この鍋たたきが、今回の反年金改革デモはもちろん、マクロンの演説の際にも行われ、見事にマクロンの邪魔をしています。これを受けてマクロンは、 « Ce ne sont pas des casseroles qui feront avancer la France(フランスを前に進めるのは鍋じゃない) »、« Les œufs et les casseroles, c'est pour faire la cuisine(卵と鍋は料理をするためのものです) »、と鍋たたきを批判していました笑

マクロン政権に対する学生の意見

何回も書いている通り、私の大学は学生運動が活発な大学なので、政治的な意見をしっかり持っている人が周りに多くいます。

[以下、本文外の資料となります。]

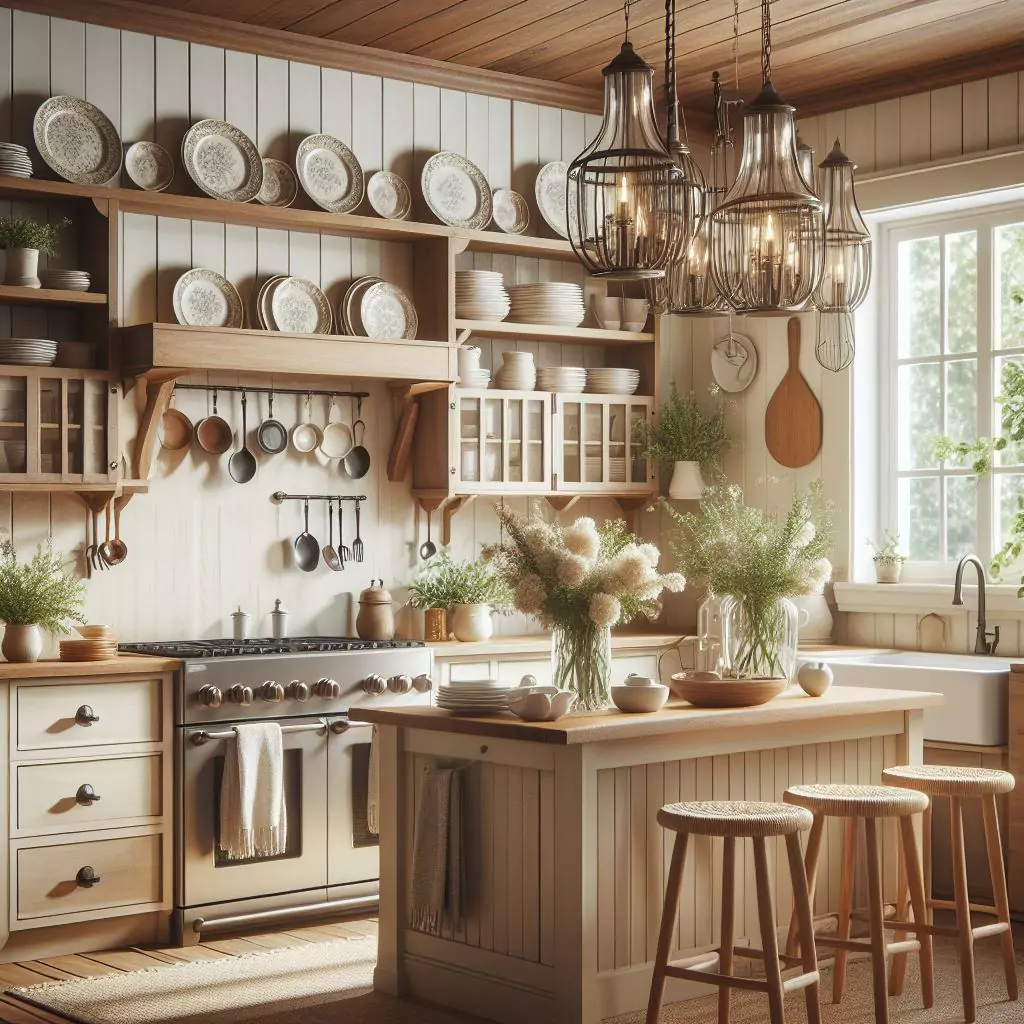 "Farmhouse kitchen showcasing style with open-face plate racks, displaying vintage plates or colorful dishes for practical storage and decorative appeal, adding a personalized touch and encouraging a curated and organized look."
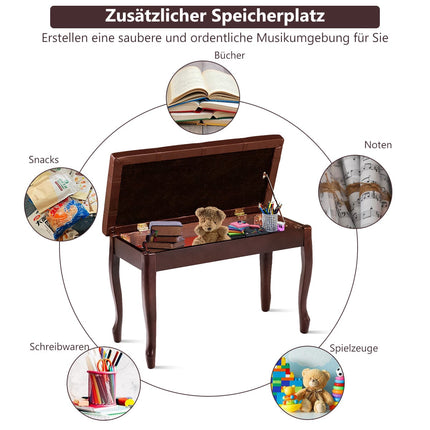 Piano Bench with Storage, Solid Wood, 75x35x49 cm, Brown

今回のデモに積極的に参加している周りの友達に話を聞くと、みんな、「今は自分達の未来にとって大事な時なんだ」みたいなことを言う(カッコいい、私もいつか言ってみたい)。
いやいや、年金受給開始年齢の引き上げなんてしょうがないんじゃない?って思ってしまうけれど、彼らにとっては違うらしい。

「マクロンはいつも自分の改革が正しいと思ってる。解決策はコレしかないんだって言う。今回の年金改革は、年齢引き上げしなくたって、1年の収める額を多くするとか、富裕層が納める割合を高くするとかでも十分解決できる。2018年の燃料税引き上げの時もそうだった。値段を高くすることで化石燃料の消費削減を目指した訳だけど、解決策は他にも考えられたはず。マクロンはいつも国民の意見を聞かないし、富裕層の味方をしてばっかりでうんざり。」

私の周りは割と左寄りの人が多くて、こういうような意見をよく聞きます。

フランスでも極右イデオロギーが蔓延

私の周りは左派が多いと言いましたが、最近だと右翼勢力も台頭してきています。ソルボンヌ大学の集会では、右派と左派が衝突を起こすこともあるらしい。

フランスの極右政党の代表として有名なのはやはり国民連合RNのマリン・ルペン。EU<フランスという自国民優先主義を掲げ、対外国人政策においては移民の管理を徹底し、特にイスラーム教徒に対しては厳しく扱う、と言った主張。年金改革に対してルペンは、2022年の大統領選挙時には、60歳への引き下げを検討していました。

この反年金改革デモに呼応して、極右派の国民も立ち上がっています。先日の5/6には、ドイツのナチスの歴史や政策を正当化する「ネオ・ナチ」と呼ばれる、黒い服を着た集団約600人がデモを起こしたことがフランスでニュースになりました。

歴史的にファシズムは危険な思想だと考えられているため、中には、極右勢力のデモを禁止しようとする政治家もいるようです。しかし、フランスでは人権宣言によって、全ての国民にストライキを起こす権利が認められています。そのため、公の秩序に対する危険が証明されない限り、このようなデモを制御することはできないのです。


以上のように、年金改革反対、マクロン嫌いという人の中にも様々な意見があるよう。
なんとなく、日本の報道だとフランス政治はマクロンvsルペンという対立構図の印象が強いですが、実際そんなに単純ではありません。

フランスに来る前はほぼ日本メディアのニュースしか見ていなかったので、メランション=左派、マクロン=中道、ルペン=極右と、カテゴリー化していましたが、私の周りのフランス人は、「マクロン、あいつは完全に右派だよ!」って言う。